Entretanto, em um ponto estes dois lados da comunidade judaica se encontravam: a dura condição de estrangeiro lhes era comum.Este mecanismo de separação gerou neste grupo excluído um interessante artifício de sobrevivência: a necessidade de organizar instituições – sociedades de ajuda mútua – que refizessem uma vida social e religiosa e lhes permitissem reconstituir uma identidade pelas práticas coletivas. E foi para encontrar tais traços que, desde o início, esta pesquisa buscou localizar fontes produzidas pelos homens e mulheres envolvidos nesta atividade e, assim, abandonar leituras de terceiros acerca de sua existência. É por isso que o livro tem como imagem central a de um baile de máscaras. Desejando apreender rostos e não rótulos, objetivou-se encontrar tais pessoas e suas histórias particulares, rompendo com as máscaras sociais previamente estabelecidas.
Na pesquisa foi possível encontrar o histórico de cinco sociedades fundadas por homens e mulheres judeus envolvidos com a prostituição: a do Rio de Janeiro – Associação Beneficente Funerária e Religiosa Israelita (ABFRI) – fundada em outubro de 1906; a de São Paulo – Sociedade Feminina Religiosa e Beneficente Israelita (SFRBI) – fundada em 1924; a de Santos – Sociedade Beneficente e Religiosa Israelita de Santos – fundada em 1930; a de Buenos Aires – Sociedade de Ajuda Mútua Zwi Migdal – fundada em 1906; e a de Nova York – The New York Independent Benevolant Association – fundada em 1896.


Entretanto, só as duas primeiras são objeto do texto, pois são delas os documentos originais examinados: atas, estatutos, livro-caixa, material iconográfico e depoimentos de funcionários e/ou descendentes. A entidade carioca, dirigida ora por homens ora por mulheres, pode ser mais bem percebida como uma irmandade centralizada em poucas figuras que tentou sempre superar crises, dando a impressão de um eterno recomeço e reestruturação para levar a cabo seus objetivos. A idéia de irmandade pode ser vista em dois momentos: primeiro quando o grupo de mulheres que cuidava da assistência social se auto-intitula as irmãs do "Chesed shell emes" – ou da "Caridade de Verdade", aquela que não busca recompensa. E um segundo momento, quando a Primeira Irmã Superiora falece, em 1932.

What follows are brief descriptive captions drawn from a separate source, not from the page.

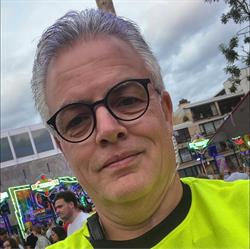 BHV Tilburg, Hulten openingstijden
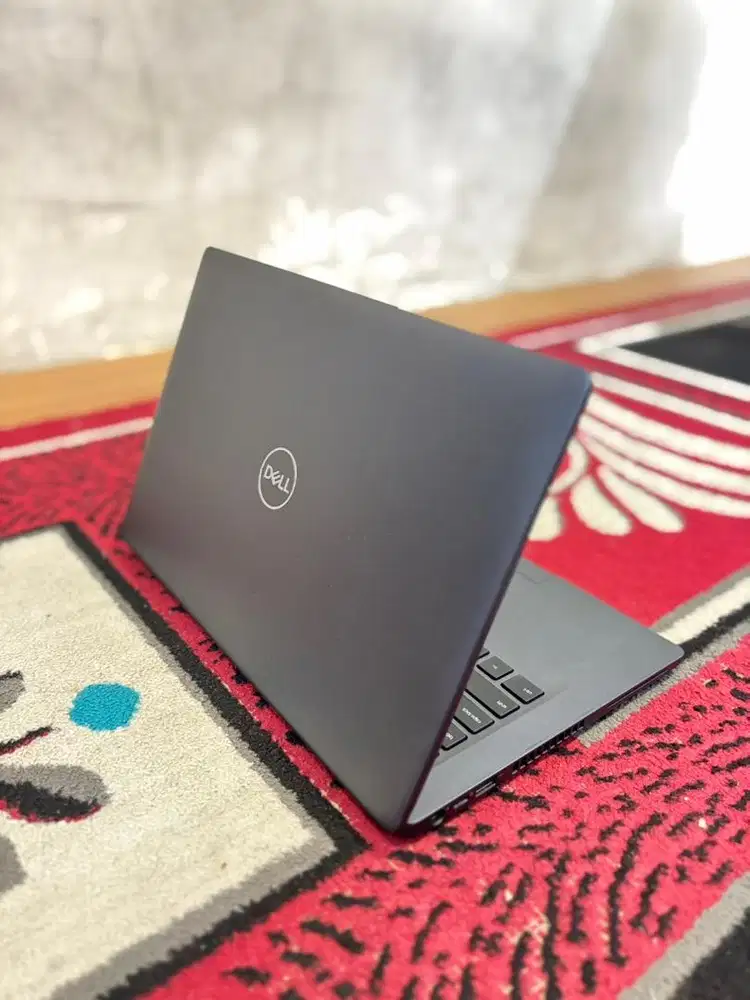 Dijual Laptop DELL Latitude 5400 intel core i5-8365U. Bergaransi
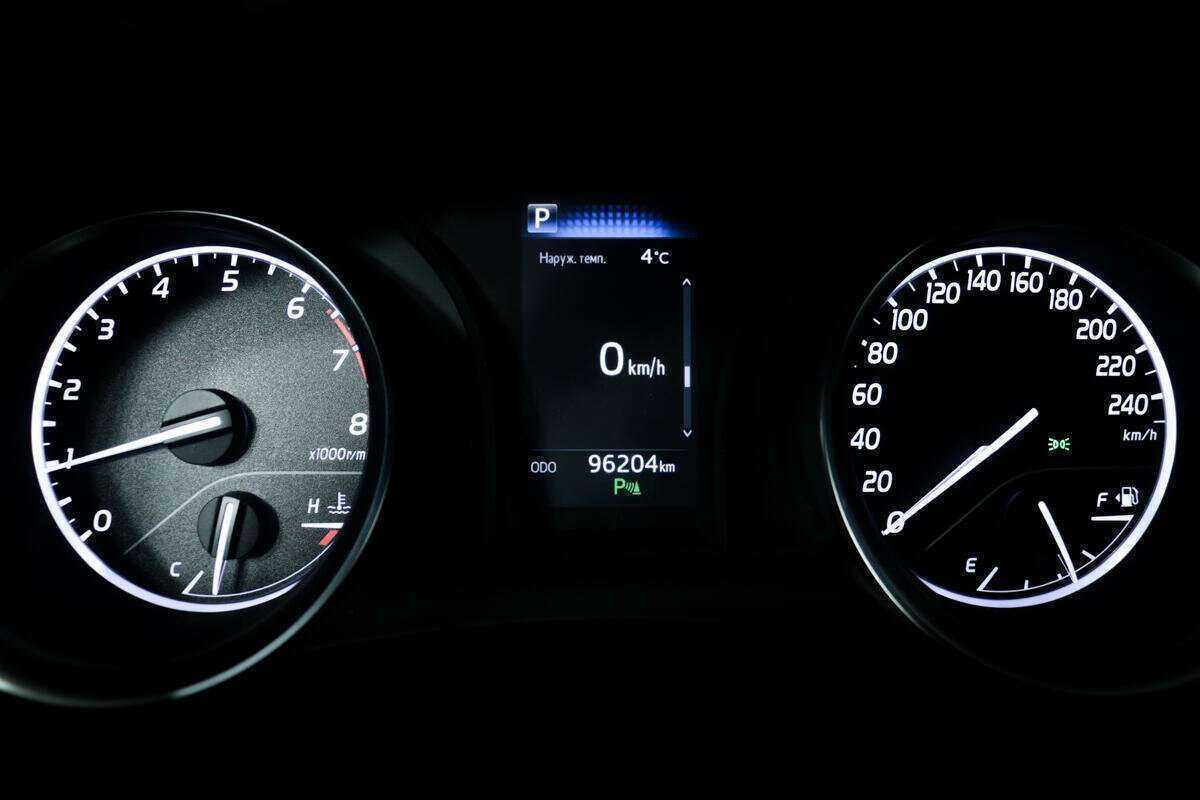 Toyota Camry 2019 года с пробегом. Фото: #9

A materialização desta noção de irmandade encontra-se na lápide de Fanny Zusman, no cemitério fundado pela entidade carioca e que se localiza no bairro de Inhaúma (RJ), este é o primeiro cemitério judeu da cidade. Em São Paulo, a comunidade judaica permitiu, por um lado, que as polacas fossem amparadas no Lar dos Velhos (asilo mantido pela comunidade no bairro de Vila Mariana), e não permitiu, por outro, a manutenção de suas identidades quando do translado dos corpos do Cemitério Israelita de Santana/Chora Menino para o Cemitério Israelita do Butantã. Nos anos de 1970, após a desestruturação física da entidade paulista, com a velhice de seus membros, o cemitério da sociedade, em Santana/SP, foi desapropriado pela Prefeitura dado o seu estado de abandono.


Os corpos não reclamados por parentes foram removidos para o cemitério israelita da cidade. Só em 27/2/2000, certamente pelos desdobramentos que a publicação de meu livro obteve, a Sociedade Cemitério Israelita Chevra Kadish, de SP, recolocou os nomes nas lápides vindas de Santana/Chora Menino, numa cerimônia que contou com a presença e a reza do Rabino Soibel. Portanto, caro jornalista Oscar Pilagallo, teses dão muito prazer e trabalho aos seus autores. Um estudo como este, financiado pela CAPES, num Programa de Pós Graduação em História como o da Universidade Federal Fluminense, de grau máximo, não ficou nas prateleiras das bibliotecas. Ganhou as estantes das livrarias e inúmeras reportagens a época. O tema merecia uma pesquisa sua para elaborar a resenha. Até porque, ao que parece, indicações no livro recente “beberam” nas minhas reflexões.